And so I think fundamentally we do need to focus on the real economic issues.
Donald Trump wants to make health care in America worse.
He has not fulfilled any of his promises.
There's no infrastructure bill.
There is this focus on the wall with Mexico, which is never going to be built and certainly not paid for by the Mexicans.
He has stirred violence against people of color and people whose religions he doesn't like.
And he is utterly and completely unfit to hold office.
He is, in the classic meaning of the Greek word, an idiot.
Which originally meant someone who only cares about himself and has no regard for the society around him.
David, yeah, on the show last week you did say Russian agent, that Donald Trump is a Russian agent.
Are you saying you missed?
I should have said asset.
And asset is the term that I've used.
And I do believe that, you know, you can unwittingly be an asset.
And I believe that Donald Trump is a Russian asset.
I think the kindest thing you can say about Donald Trump is that he has divided loyalties.
Fact check.
That's true.
Now, this is funny because he goes on and on about how he only follows the facts and then he blatantly lies about saying Russian agent.
Oh, it was a mistake.
He meant to say asset...
So then he rewrites history right there.
What a dick.
He goes on and on with this sort of thing.
And he's not addressing the Mueller report at all.
No, but what he's doing is he's going back to he's a racist, misogynist, anti-Semitic.
The Trump rotation.
Yeah, just stuff that has been...
It's got nothing to do with the Mueller report.
Pulitzer Prize winner, ladies and gentlemen.
Pulitzer Prize winner.
So at this point...
Greenwald is fed up.
And I think this clip four is the best of the group.
Yeah, but let me just say one thing about this idea that he's a Kremlin asset or that we need to find out what his relationship is with the Russians.
We just had a 22-month investigation where the media and Bob Mueller did nothing but look into that exact question.
He's saying it like nobody's ever asked this before.
We have the answer.
And as for him being a Russian asset, it's so irresponsible to say that because the reality is that the conflict between the US and the Russians are at a worse and higher level than they've been in many years, probably decades.

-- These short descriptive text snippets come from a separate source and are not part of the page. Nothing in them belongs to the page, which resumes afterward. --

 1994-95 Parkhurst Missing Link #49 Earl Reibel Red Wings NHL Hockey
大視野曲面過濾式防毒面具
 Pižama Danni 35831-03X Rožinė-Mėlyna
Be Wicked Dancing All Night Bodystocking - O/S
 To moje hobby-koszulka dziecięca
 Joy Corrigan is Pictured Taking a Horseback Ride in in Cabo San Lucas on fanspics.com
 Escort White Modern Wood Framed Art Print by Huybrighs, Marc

How can you say Donald Trump is a stooge of the Kremlin when he's right now trying to remove one of Vladimir Putin's client regime states in Venezuela?

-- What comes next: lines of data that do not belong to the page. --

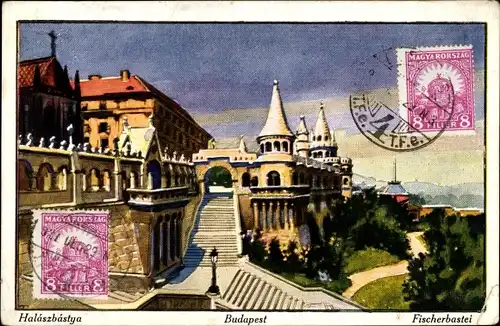 Ak Budapest Ungarn, Fischerbastei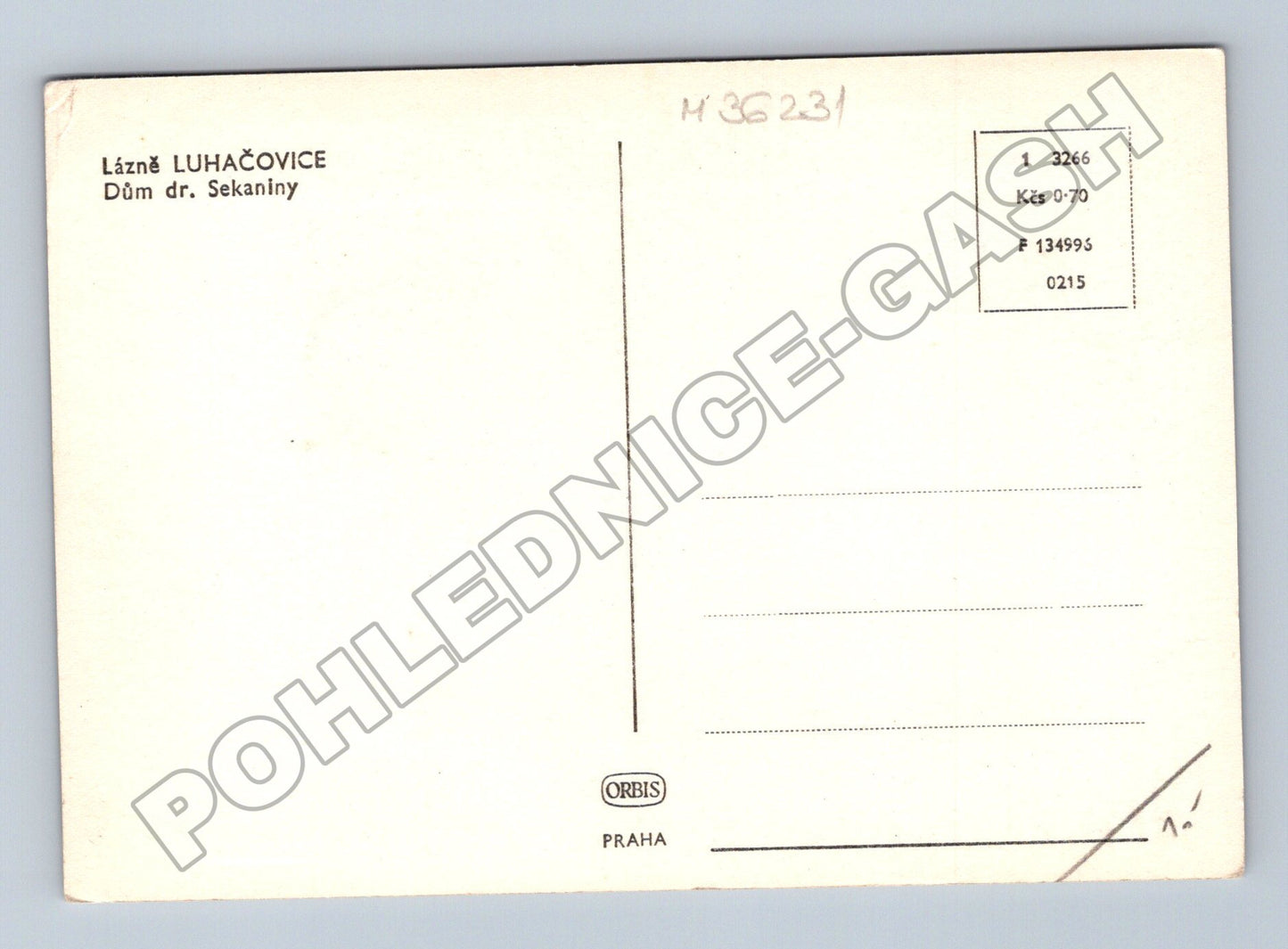 Pohlednice Luhačovice Dům dr. Sekaniny (M36231)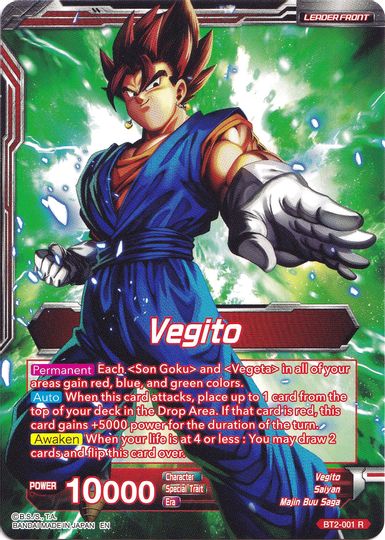 Vegito // Fusion Warrior Super Saiyan Vegito (Collector's Selection Vol. 1) (BT2-001) [Promotion Cards] | Odin's Place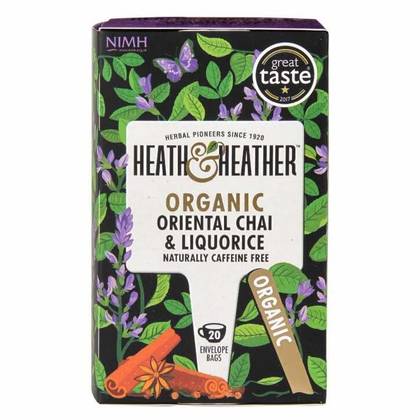 7161 Heath & Heather Organic Oriental Chai & Liquorice 20 Tea Bags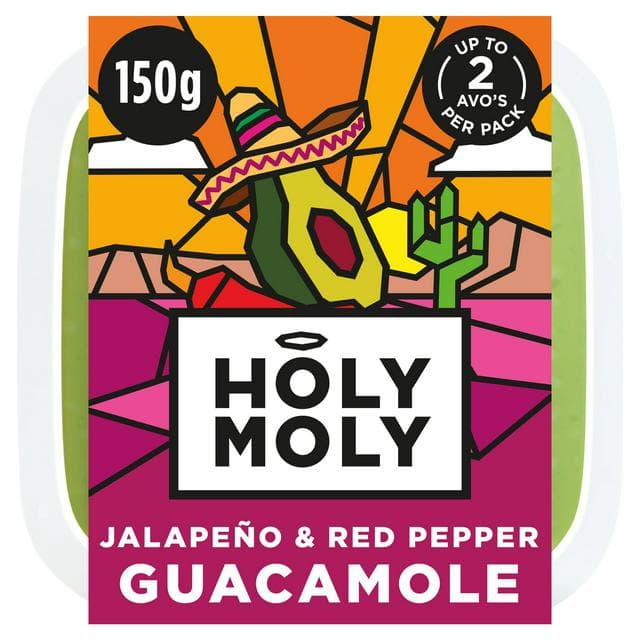 Holy Moly Guacamole Jalapeno & Red Pepper 150g - gallery image 1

Or when he's trying to bully Angela Merkel out of buying Russian natural gas, probably the thing that's most important to the Russian economy?

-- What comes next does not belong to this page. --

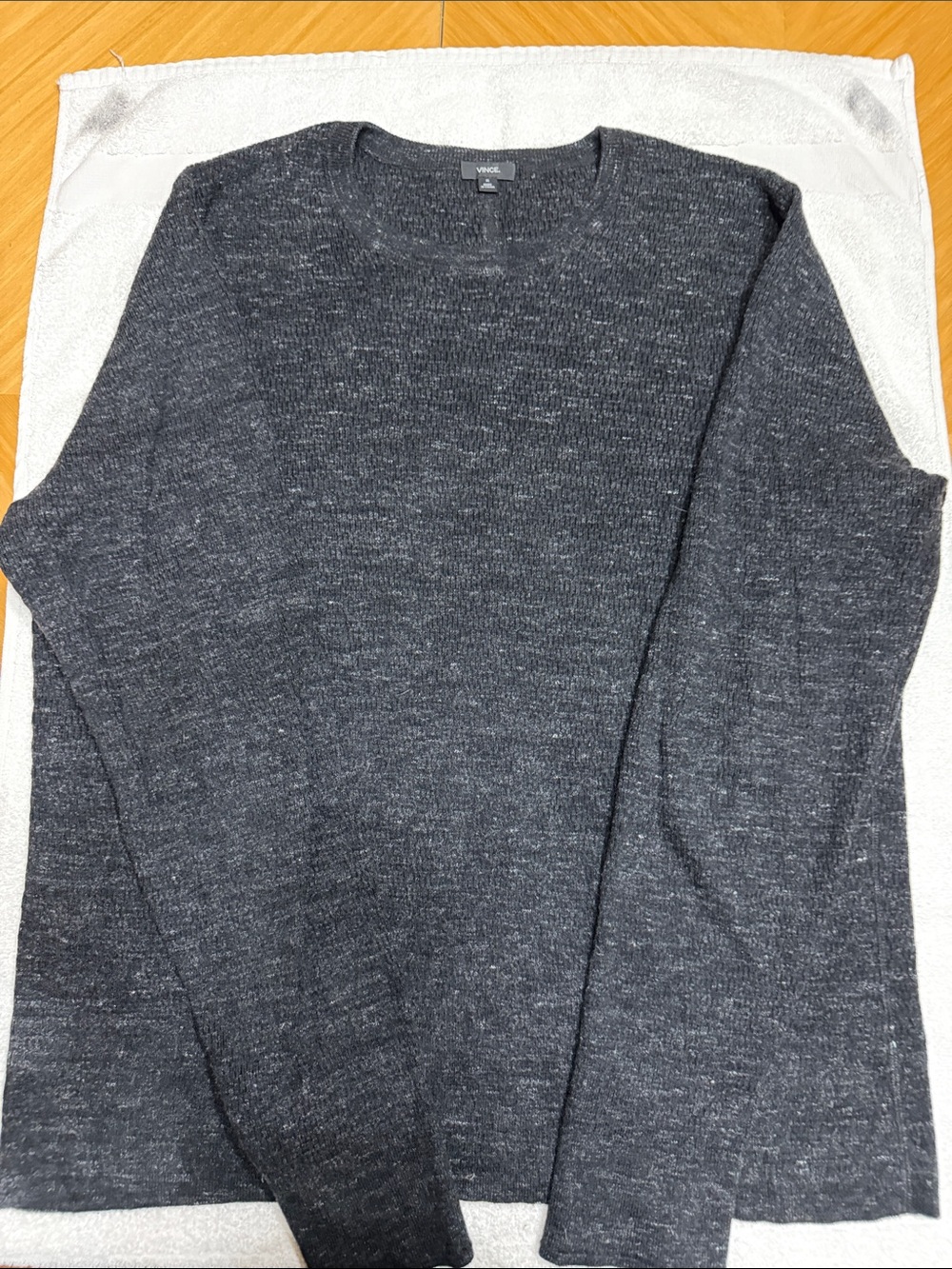 Vince Dark Charcoal Knit Crewneck Sweater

Or when he sold lethal arms to the Ukrainians, something Obama refused to do on the grounds that it would be provocative, to We're good to go.
Trump, all along, was being blackmailed by Putin, that he's an asset of Russian intelligence.
This is idiocy.
It is completely irrational.
It is contrary to all facts.
And Bob Mueller's investigation, who spent 22 months examining that core question, what is the relationship between Trump and the Russians, concluded...
That there is no relationship.
It's time to stop these dangerous conspiracy theories that are ratcheting up tensions between the two most dangerous countries on the planet.
The reality is the Trump administration has been constantly belligerent to Putin, has constantly acted adverse to the Kremlin's interests, and there's zero basis for thinking or believing or finding evidence to assert that Trump in any way is beholden to Vladimir Putin and to Russia.
The whole thing has been a joke and a fairy tale from the start.
He'll never work in this town again.
I'm amazed they let him on.
Seriously.
Hey, Glenn, you're just harshing the vibe, man, here at Democracy Now, baby.
There was another segment I encourage everyone to watch the whole half hour, as you did in the newsletter.
He went on for a good three minutes about how much he hates Donald Trump.
Greenwald.
Oh yeah, no, his Donald Trump hatred is quite noticeable.
Now, I looked at some other media bits, which I thought were interesting in regards to this.
Called out by name, name-checked along with all his other favorite Fox News hosts and celebrities, which is just fantastic.
the president is unabashedly a Fox News fan which doesn't make him look you know biased towards any type of media and of course Fox doesn't consider themselves mainstream they'll say on Fox it's saying well mainstream media is saying this or that well you guys have the number one rating so I'd say you are the mainstream but he said oh she's back Judge Jeanine is back oh good old Judge Jeanine
When someone lies to you, do you just say, don't worry about it, I'll get over it?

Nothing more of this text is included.